### [How to complete this task]
Reproduce, unchanged, the lines between the one holding "<b>Gold</b> Finished Serving" and the last line of the records, including both ends, but no pictures.

Collection entries:
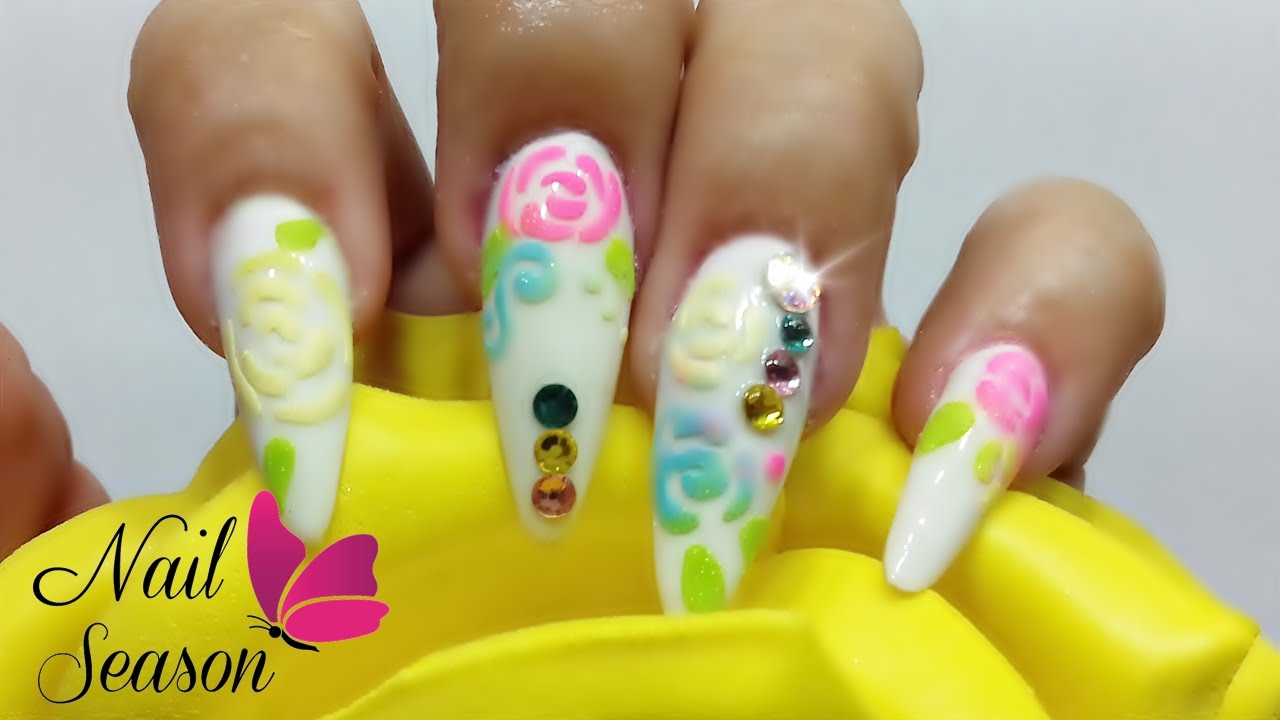 Uñas de acrilico efecto azucar para maquillaje de Mirianny De los santos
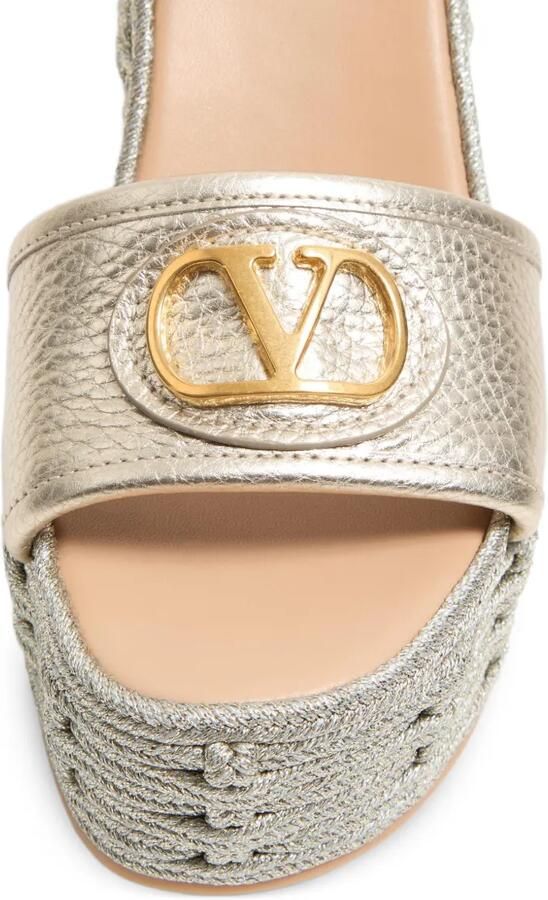 Valentino Garavani v-logo signature sandalen met sleehak Beige - Foto 5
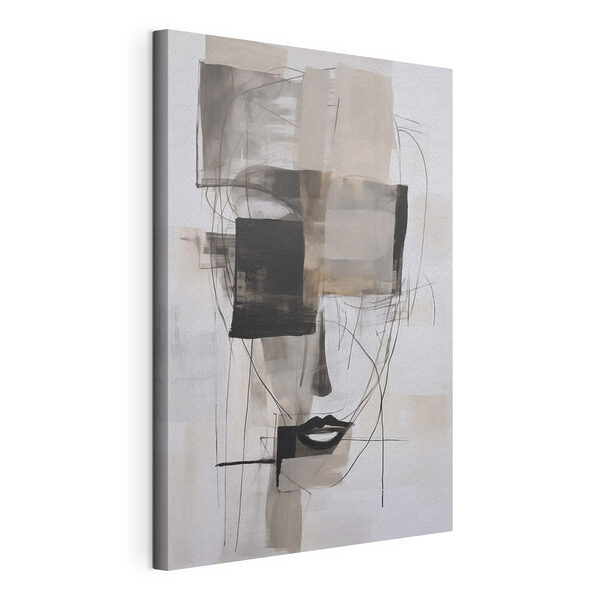 Canvas Schilderijen Schilderij van een gezicht met zwarte en witte vierkanten en lijnen (Artikelnummer: s47715) Canvas Schilderijen Canvas Schilderijen Schilderij van een gezicht met zwarte en witte vierkanten en lijnen (Artikelnummer: s47715)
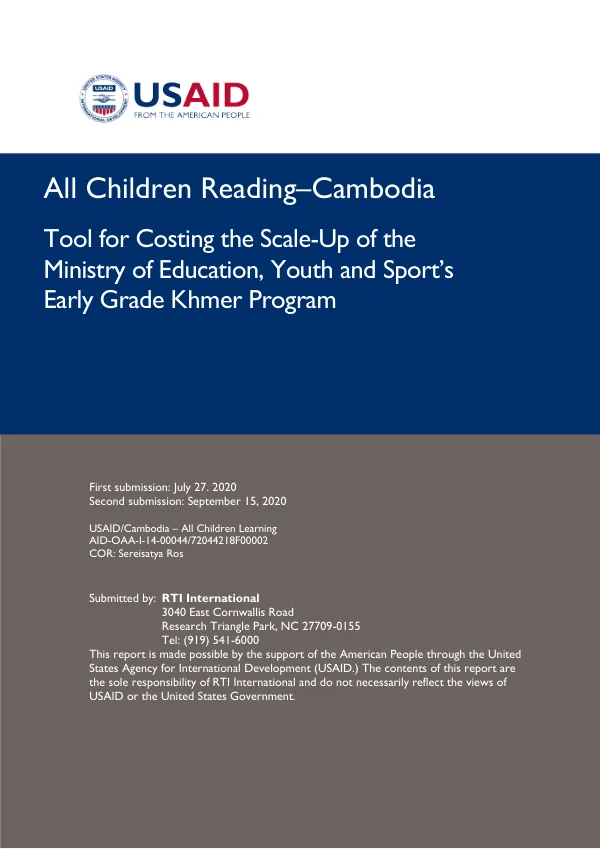 Tool for Costing the Scale-Up of the MoEYS' Early Grade Khmer Program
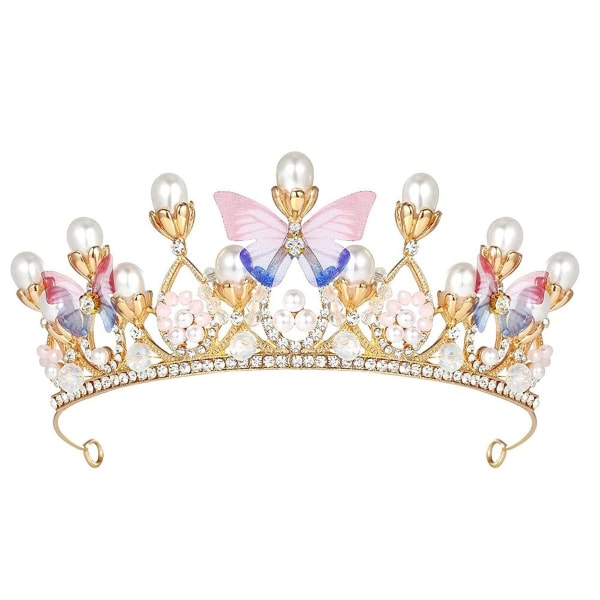 Princess Tiaras for Girls Gold Crown with Rhinestone Pearl Butterfly KLB
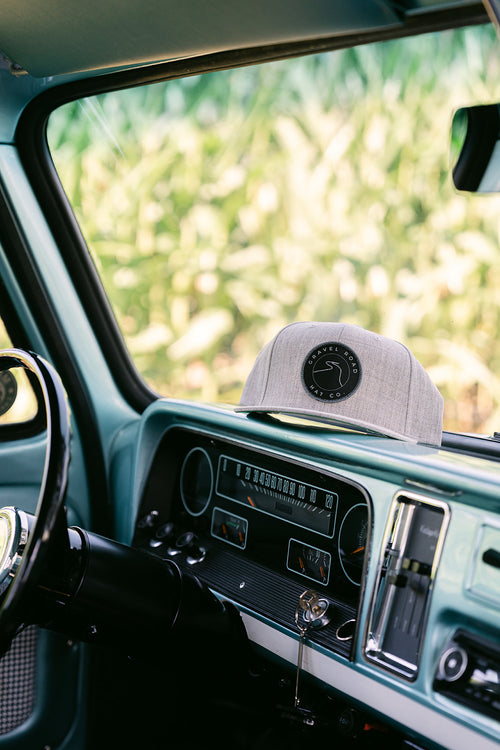 Flatbill Snapback Woven Patch Hat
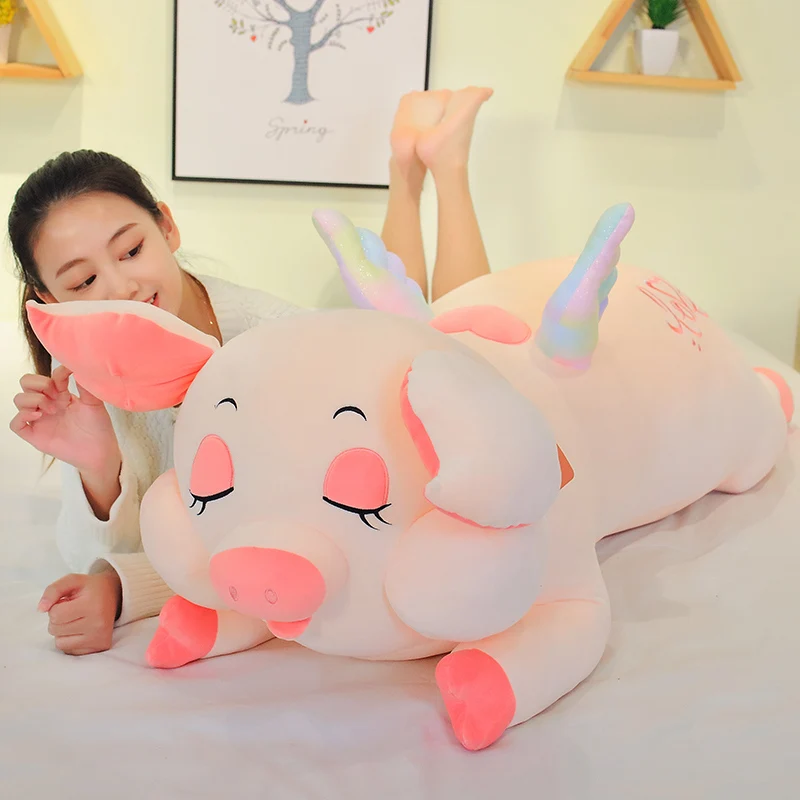 1PC 60/80CM Kawaii Angel Pink Pig Plush Doll with Rainbow Wings 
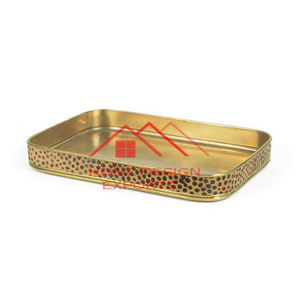 <b>Gold</b> Finished Serving Tray With Metal Handle - Product Image 6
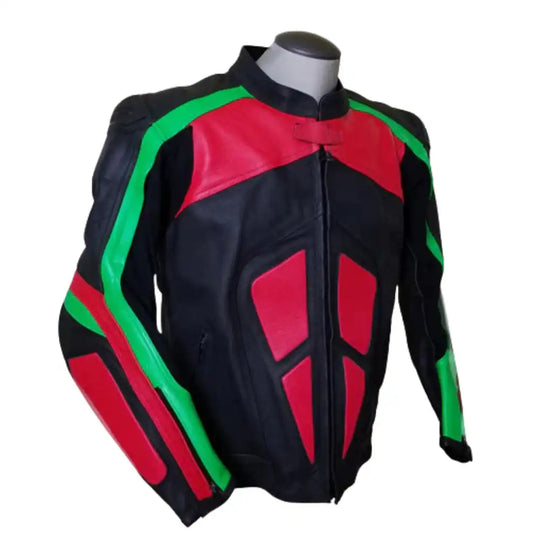 Side profile of the tri-color armored jacket showing the ergonomic curved sleeves and green accordion stretch panels.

### [Answer box]
 <b>Gold</b> Finished Serving Tray With Metal Handle - Product Image 6
 Side profile of the tri-color armored jacket showing the ergonomic curved sleeves and green accordion stretch panels.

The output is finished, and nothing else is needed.